The Altus RD-M310 will do up to 9-speed, great all-rounder.


----------



## katonda (25 Apr 2020)

Hi again, 

I successfully installed the rear derailleur yesterday, but I couldn't figure out how to do it without breaking the chain or removing the derailleur's metal plate. I opted for the latter, which the instructions explicitly told me not to. I assume that people usually break/replace the chain?

I've also ordered some replacement cables, but those will take a bit longer to arrive. 

Thanks to all for your support. My GF is happy.


----------



## Rickshaw Phil (25 Apr 2020)

Yes, breaking the chain (or fitting a new one) would be the usual. What you've done works just as well and shouldn't cause any problems as long as the parts go back together exactly the same way. The biggest danger if you've taken the pulley wheels out is inadvertently swapping them over. They look the same but are subtly different.


----------



## katonda (9 May 2020)

Hi again,

So the new cables arrived from China yesterday. Clipped them to size and the gears are working much smoother now.

However, I am having an issue with the rear shifter. When the chain goes on the bigger gears (closer to the spokes - not sure if this is shifting up or down) the derailleur starts to tap on the spokes on the second to last gear and gets caught in the spokes on the last. This is what I think led to my girlfriend's first accident. I tried various combinations of adjustments to the derailleur, even tried placing the washers of the wheels on the inside of the frame to create more of a gap. Nothing seemed to work. So I'm thinking that the derailleur hanger might be the problem. What do you think? Could it have been bent somehow? If I need to replace it, will any do or are there different kinds?
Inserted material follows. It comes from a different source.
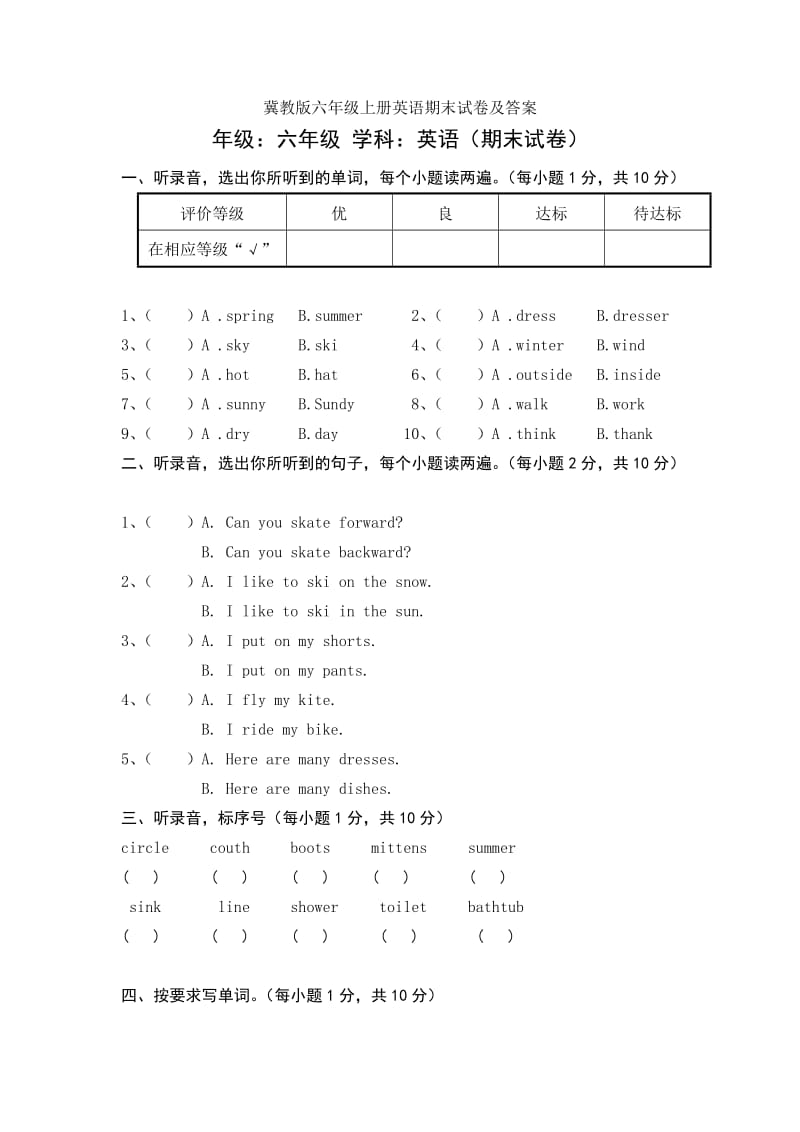 冀教版六年级上册英语期末试卷及答案.doc_第1页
Sorry, my fingers were greasy and the sunlight was very bright when I took the shots.

Edit: Yup, judging by pictures from other bikes, I'd say it's bent. There are also a lot of different shapes to the derailleur hangers from what I can tell... does anyone know which one I need from the pictures alone?


----------



## Rickshaw Phil (10 May 2020)

Yes, it looks pretty certain that the hanger is bent. They are designed to bend/break easily in the event of taking a knock to save the frame from damage. The downside of this is that usually only very minor straightening can be done without them breaking.

As you've already gathered, there are more than a hundred different styles of hanger. From the photo I _think_ that this is the one you need: https://www.sjscycles.co.uk/gear-sp...ropout-for-7005-alloy-touring-trekking-frame/ but I can't be 100% sure. This is one occasion where you could really do with a bike shop to look at it and advise. Not easy in the current state of affairs I know.


----------



## katonda (10 May 2020)

Rickshaw Phil said:


> Yes, it looks pretty certain that the hanger is bent. They are designed to bend/break easily in the event of taking a knock to save the frame from damage. The downside of this is that usually only very minor straightening can be done without them breaking.
> 
> As you've already gathered, there are more than a hundred different styles of hanger. From the photo I _think_ that this is the one you need: https://www.sjscycles.co.uk/gear-sp...ropout-for-7005-alloy-touring-trekking-frame/ but I can't be 100% sure. This is one occasion where you could really do with a bike shop to look at it and advise. Not easy in the current state of affairs I know.



Thanks again Phil!

Yes, that does indeed look like the one I need. I took the time to take it off and take some additional shots. The paper is marked such that one square is 5x5mm.


----------